En somme, dans la constitution de ces termes problématiques qui travaillent la perception non comme réception passive, mais comme puissance multiple, ouverte, élaborée au fur et à mesure du spectacle, le temps devient un espace (il est occupé, abandonné, repris…), et l’espace devient un temps (il peut durer, ralentir sous l’effet d’une averse d’eau, s’accélérer dans la musique qui semble animer les mouvements des pianos). Si la perception est ainsi questionnée depuis le temps et l’espace, ce n’est dès lors pas tant parce que les corps sont évacués [8], mais parce la sensation est directement en jeu comme durée et espace. Ce qui nous est donné à voir, ce sont dès lors le parcours de l’espace et du temps à travers le spectacle ; non leur objet (leur objectivité transparente et réaliste), mais leur trajet depuis la scène jusqu’à l’espace mental qui leur donne corps : notre subjectivité – et dans le vagabondage sensible de notre esprit, c’est la sensation non plus d’être un corps, mais d’avoir un corps qui une heure durant s’affirme, dans la libre dissociation permise par cette abstraction entièrement sensible. L’épreuve de la perception dès lors, au sein de ce vide de signification lisible, visible, est autant celle de l’objet qui est devant nous, que celle de notre propre corps qu’on éprouve pensant, regardant, éprouvant, immobile et pesant.
Il convient finalement de s’interroger sur le titre de l’œuvre – Stifter’s Dinge, traduit communément par Les Choses de Stifter. Sylvie Flécheux a judicieusement rappelé la conception du philosophe français Bruno Latour, pour qui l’on serait passé d’un monde de l’objet (du XVIIème au XXème) à un monde de la chose, amas qui échappe à toute appréhension (ce qu’il nomme Dingepolitik). En allemand, Dinge est la chose animée, qui existe seule, et n’est pas liée à une activité de perception active.
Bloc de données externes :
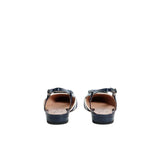 ROBERTO FESTA Slingback donna Mimma in tessuto a righe Blue
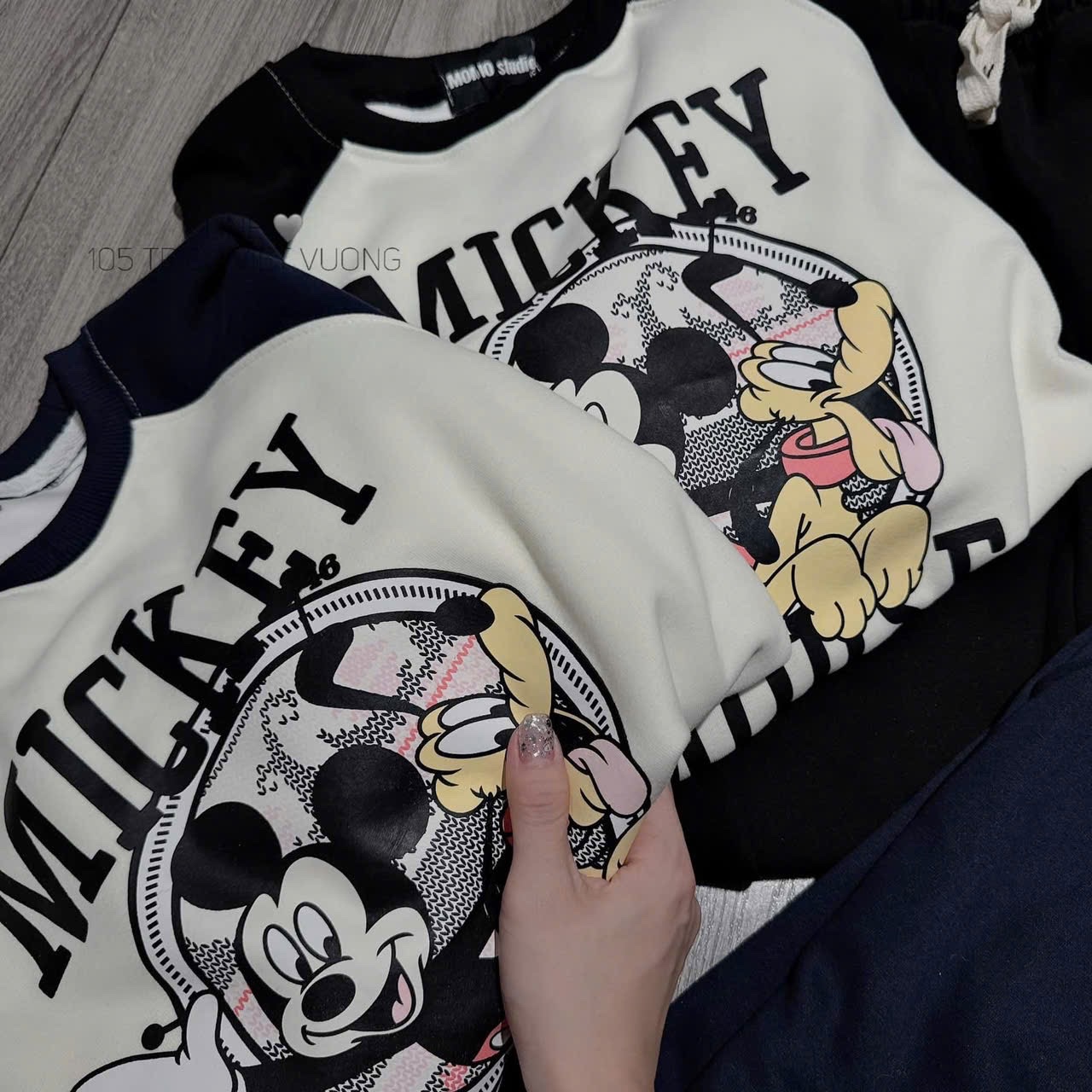 S773 - BỘ NỮ HAIDA MICKEY BE PHỐI MÀU TAY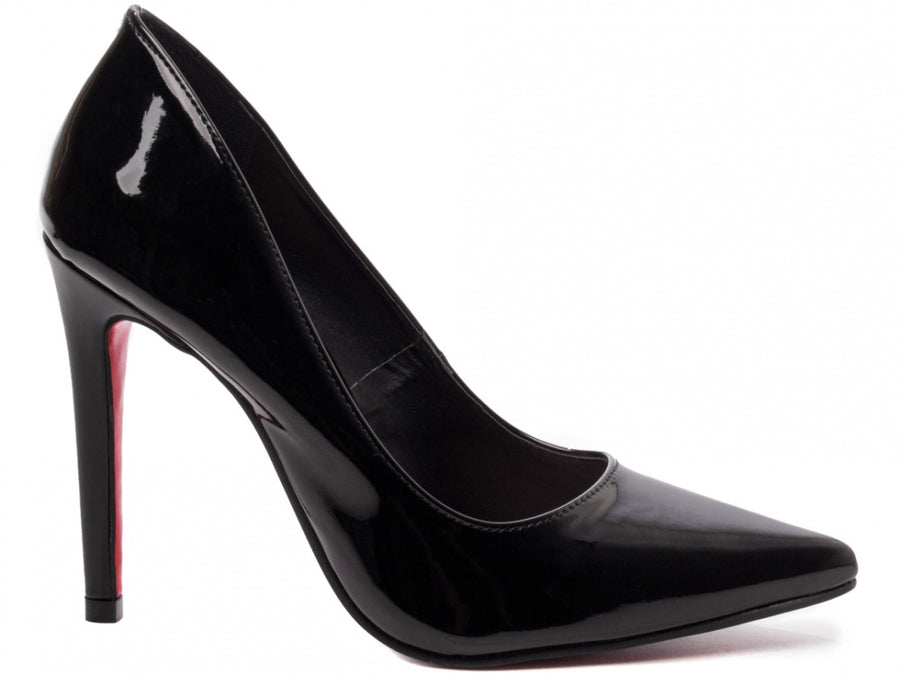 Sapato Scarpin Salto 12 em Verniz Preto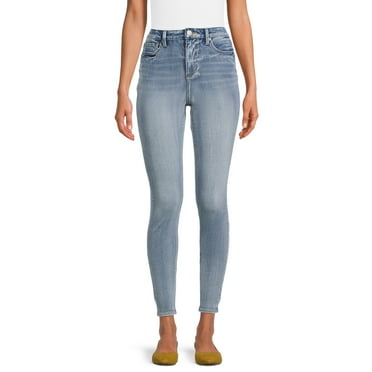Time and Tru Women's High Rise Skinny Jeans, Available in 27", 29" Inseams, Sizes 2-20
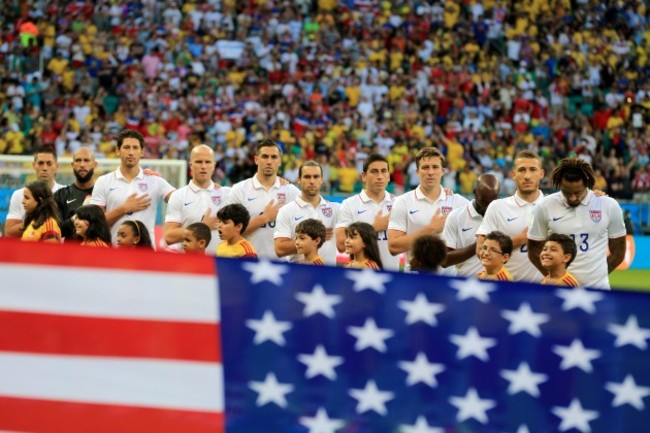 Soccer - FIFA World Cup 2014 - Round of 16 - Belgium v USA - Arena Fonte Nova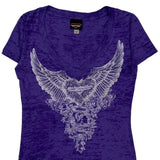 Las Vegas Harley Davidson Graphic T-Shirt - Medium Purple Cotton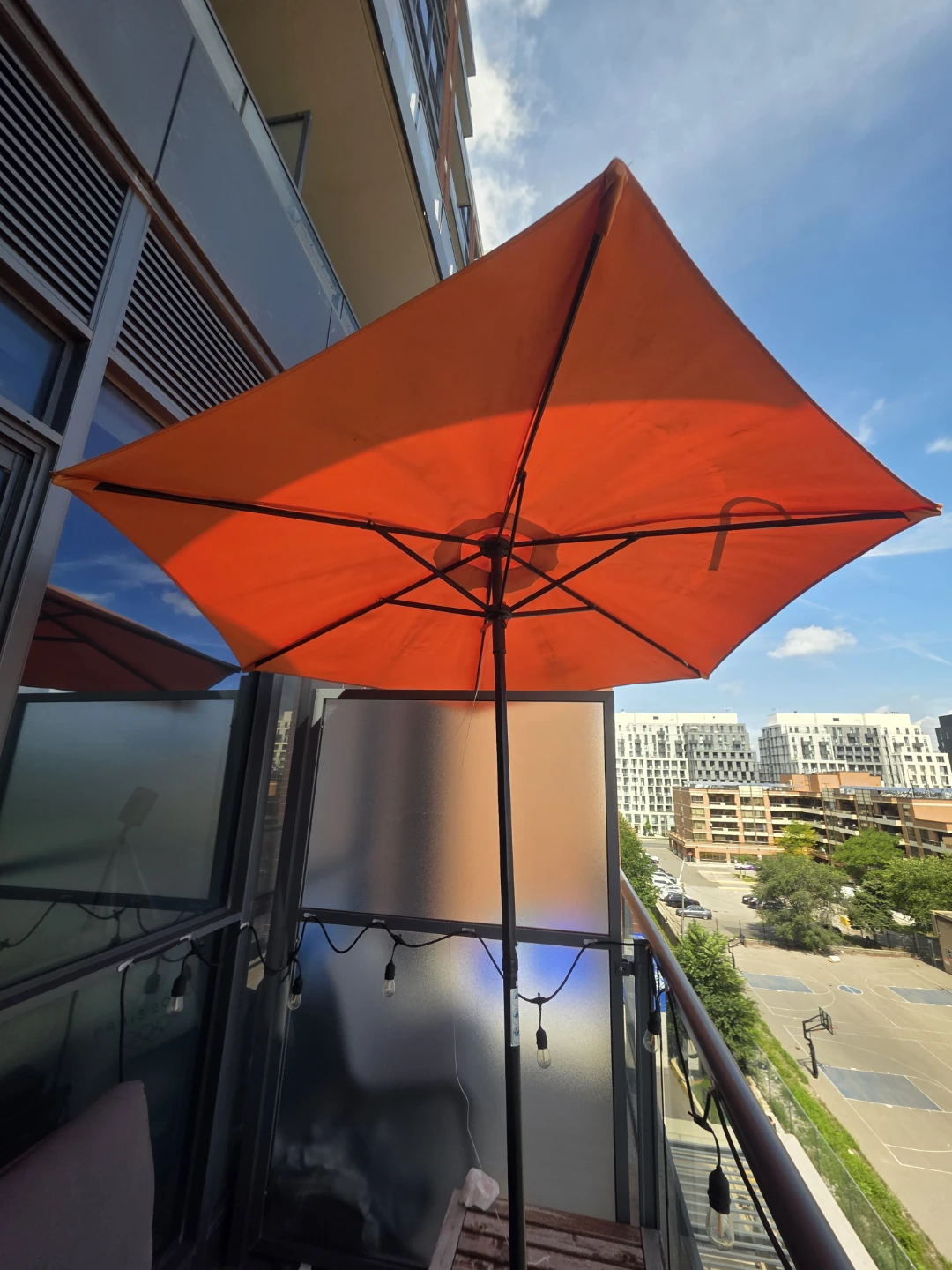 Patio umbrella (orange) - photo 3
Les choses de Stifter seraient, dans l’idéal conservateur d’un romantisme finissant, une collection de choses hétéroclites, sans ordre, ni début ni fin, dépourvu de sens hors le geste qui les assemble. Cependant, la perception est-elle liée à la nature de l’objet ou à l’activité elle-même ? Ce dont se ressaisit l’art, ce sont de ces choses inertes qu’il renouvelle, introduisant une énergie neuve, non pas seulement dans les choses, mais dans le regard qui les appréhende. L’art serait alors, non pas le monde infini des choses, mais ce qui donne un terme aux choses – par le regard qui le perçoit, le termine pour mieux l’ouvrir ensuite et le redéployer dans l’imaginaire de la sensation.